All the specifications are based on the Computer Direct ad that was published in Popular Science Magazine, November 1985, p.116 and on COMPUTE! Magazine, November 1985, p.85.

A Few Final Words about Laser 3000 Computer and Its Tech Specs

Unlike the Apple II clones from Franklin and other companies, VTech reverse-engineered the Apple Monitor ROM using a clean room design rather than copying it. The company licensed an Applesoft BASIC-compatible version of Microsoft BASIC. Apple carefully studied the Laser 3000 but unlike its efforts directed at Franklin, Apple was unable to force this model off the market. Maybe just because it was not sold in quantities large enough to justify any serious effort to stop its production.

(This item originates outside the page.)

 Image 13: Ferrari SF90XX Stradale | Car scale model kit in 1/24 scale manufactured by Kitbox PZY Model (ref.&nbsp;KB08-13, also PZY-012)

Despite its physical resemblance to the IIc, software sees the Laser 3000 as an enhanced IIe with 128K RAM. Central Point claimed that testing had found that only Choplifter, David’s Midnight Magic, and Serpentine did not run on the clone, because of Broderbund’s copy protection. InfoWorld found that the Laser 3000 was incompatible with 12% of 129 tested software packages, mostly educational software or games. Compatible software included AppleWorks, Quicken, Apple Writer, VisiCalc, Flight Simulator II, The Print Shop, and Where in the World is Carmen Sandiego?. inCider called the computer “amazingly Apple-compatible”, estimating 96% compatibility.

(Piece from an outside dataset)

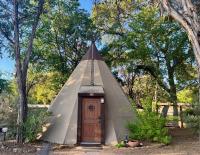 B&B New Braunfels - Sweet Grass - Tipi 1 - Bed and Breakfast New Braunfels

Programs that successfully ran on the Laser 3000 included F-15 Strike Eagle, Fantavision, WordPerfect, and The Hitchhiker’s Guide to the Galaxy, and the magazine noted that it was easy to install $25 upgraded ROM chips if necessary to improve compatibility. A+ similarly found that the computer was compatible with 28 of 30 popular Apple II programs, while only about half worked with the Franklin Ace. BYTE’s tests were less favorable. Most expansion cards worked properly but the magazine found “mixed results” with software compatibility, stating that graphics programs tested revealed flaws in the Laser 3000’s compatibility with both the Apple IIc and II+”. By comparison, Apple claimed in 1984 that the IIc was compatible with 90% of all Apple II software. The Laser 3000’s specs ensured that most major software companies tested their software on the Laser as well as on Apple hardware.

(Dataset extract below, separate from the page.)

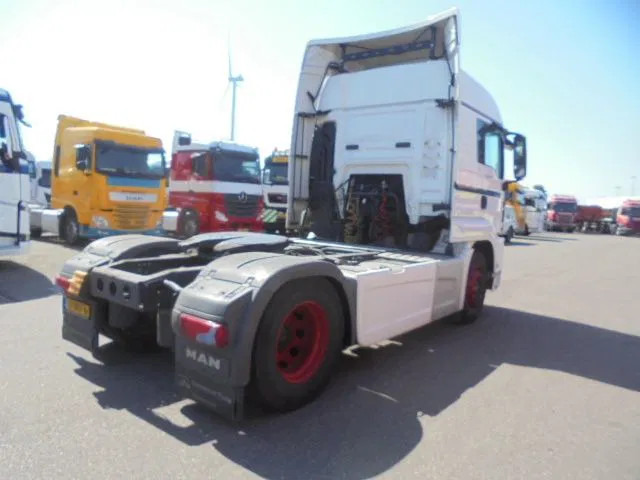 MAN TGS 320 LX - شاحنة جرار: صور 5 MAN TGS 320 LX - شاحنة جرار: صور 5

Licensing BASIC greatly reduced the amount of code that had to be reimplemented. Applesoft BASIC constitutes the largest and most complex part of an Apple II’s ROM contents. Microsoft made most of its money by keeping the rights to the software that it sold to others. Like IBM with PC DOS, Apple did not have an exclusive license for the Applesoft dialect of BASIC, and VTech was free to license it. Much Apple software depends on various machine code routines that are a part of BASIC in ROM, and it is likely that the Laser would not have been as successful had it not had compatible ROM entry points.